After the shenanigans unearthed at ReNaissance Merchant Bank (RMB) last year where, again, a Reserve Bank investigation unearthed wholesale looting of depositors’ funds, the public might have thought such an occurrence was now a thing of the past. But, alas, it has been proven wrong by reports that Interfin Financial Services’ major shareholders and their cahoots looted Interfin Bank to a shell.
While the goings-on at both RMB and Interfin border on the criminal and one dare say, obscene, as depositors’ hard-earned funds are abused willy-nilly, there seems to be no punitive action by the authorities to dissuade would-be offenders from doing the same.
It is beyond debate that, had this infamy been committed elsewhere in the world, the culprits would already have been put behind bars, with heavy sentences and/ or fines. They would wish they had not touched a dime. However, in Zimbabwe, we never learn from the past and we have always ignored the signs, even when they were there for all to see.
Against such a background, one wonders whether abuse of depositors’ funds, as we have witnessed in the Interfin and RMB cases, are lesser crimes that can easily be pardoned with a little regulatory spanking from the Reserve Bank and not the country’s justice system.
If this ghost is not exorcised now it will soon become acceptable that in Zimbabwe, a banking licence is in fact a “licence to steal”. This will be tragic as the banking sector is key to mobilising both foreign and local investment critical to the country’s economic recovery.
As one of our readers quipped, these are the results of having too many overrated briefcase bankers with no ethics at all. Others have suggested that all insider (directors/executives) loans should be banned. And if these directors are forced to go to another bank for loans, then proper risk assessments should be carried out. As it stands, these executives just dish out funds to themselves with reckless abandon, in many cases from a pool of depositors’ funds.
The scale and modus operandi of the looting at RMB and Interfin leaves one wondering, where were the authorities? Where were the lawmakers, and more importantly where are the law enforcement agents? Clearly, in order to stop this wanton abuse of the public’s trust and confidence in banks, authorities now need to start taking tough action against bank shareholders and managers who steal depositors’ funds. This cannot go unpunished.
It is time the authorities drew a clear bold line between an insider loan and outright theft and ensure offenders face the music for their misdeeds. At present, this line is blurred and the fuzziness allows looters of peoples’ savings and public funds to get away with a little more than the embarrassment associated with few adverse newspaper reports, a slap on the wrist by the regulators and off they go in luxury cars to their posh houses, to enjoy their ill-gotten wealth, with no penalties.
This is not merely crying over spilt milk, these events are fresh and real and there is an opportunity for the authorities to re-look at the precedents that have been set for previous offenders in this country. If anything, authorities’ failure to bring these crooks in suits and ties to book last year has openly buoyed other indigenous bank owners to go for the easier route of making money — steal depositors’ funds as nothing serious will happen to you.

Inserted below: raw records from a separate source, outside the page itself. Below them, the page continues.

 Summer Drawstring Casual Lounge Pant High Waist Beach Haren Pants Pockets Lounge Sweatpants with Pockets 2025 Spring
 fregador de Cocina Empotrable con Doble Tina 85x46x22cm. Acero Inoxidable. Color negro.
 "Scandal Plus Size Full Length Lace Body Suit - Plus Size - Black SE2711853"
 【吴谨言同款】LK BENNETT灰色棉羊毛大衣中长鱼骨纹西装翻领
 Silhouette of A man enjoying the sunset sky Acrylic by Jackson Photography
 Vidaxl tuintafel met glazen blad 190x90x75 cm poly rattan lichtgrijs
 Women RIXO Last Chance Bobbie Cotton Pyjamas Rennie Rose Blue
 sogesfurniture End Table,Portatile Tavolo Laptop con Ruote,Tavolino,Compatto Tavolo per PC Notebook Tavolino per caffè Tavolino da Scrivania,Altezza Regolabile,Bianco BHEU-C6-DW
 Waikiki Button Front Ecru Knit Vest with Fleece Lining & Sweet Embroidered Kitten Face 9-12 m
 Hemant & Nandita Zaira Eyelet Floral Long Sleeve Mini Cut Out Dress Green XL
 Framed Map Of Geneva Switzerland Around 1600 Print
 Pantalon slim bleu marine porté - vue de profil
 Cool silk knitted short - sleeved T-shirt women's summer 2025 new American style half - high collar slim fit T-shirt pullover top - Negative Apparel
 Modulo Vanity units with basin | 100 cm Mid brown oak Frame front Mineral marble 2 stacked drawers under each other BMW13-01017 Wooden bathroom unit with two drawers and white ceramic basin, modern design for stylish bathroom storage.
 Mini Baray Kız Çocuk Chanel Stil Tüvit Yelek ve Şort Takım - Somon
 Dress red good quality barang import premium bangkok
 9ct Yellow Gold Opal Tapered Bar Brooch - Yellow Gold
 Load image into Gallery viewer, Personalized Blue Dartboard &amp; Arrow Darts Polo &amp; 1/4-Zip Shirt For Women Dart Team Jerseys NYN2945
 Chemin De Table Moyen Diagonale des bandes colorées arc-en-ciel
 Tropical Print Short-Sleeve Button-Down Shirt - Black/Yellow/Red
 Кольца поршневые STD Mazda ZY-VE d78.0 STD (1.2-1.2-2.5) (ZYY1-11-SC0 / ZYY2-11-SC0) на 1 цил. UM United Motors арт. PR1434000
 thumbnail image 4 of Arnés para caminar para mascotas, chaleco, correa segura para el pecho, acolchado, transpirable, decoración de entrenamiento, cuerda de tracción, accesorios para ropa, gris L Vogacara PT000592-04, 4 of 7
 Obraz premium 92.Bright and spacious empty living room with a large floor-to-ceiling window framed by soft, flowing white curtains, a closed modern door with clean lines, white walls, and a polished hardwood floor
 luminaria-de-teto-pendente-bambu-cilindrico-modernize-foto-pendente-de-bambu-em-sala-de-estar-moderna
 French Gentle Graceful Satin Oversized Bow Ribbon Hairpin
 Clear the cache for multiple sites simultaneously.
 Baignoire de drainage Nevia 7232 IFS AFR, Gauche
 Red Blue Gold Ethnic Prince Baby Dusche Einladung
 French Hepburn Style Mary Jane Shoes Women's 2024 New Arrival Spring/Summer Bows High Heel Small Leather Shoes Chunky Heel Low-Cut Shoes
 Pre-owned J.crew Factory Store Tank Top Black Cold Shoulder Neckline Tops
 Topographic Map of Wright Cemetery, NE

Unlike the petty thieves roaming the streets, indigenous bank owners, have been legitimised by a banking licence, an opulent boardroom where decisions to steal more money are made and banking halls filled with beautiful smiling clerks. This has become the new legalised theft. Authorities must stop this systematic economic sabotage and halt dead in their tracks these thieves in imported designer suits masquerading as bank executives.
Zimbabweans now need to know that the next bank they put their money into is not just another Ponzi Scheme.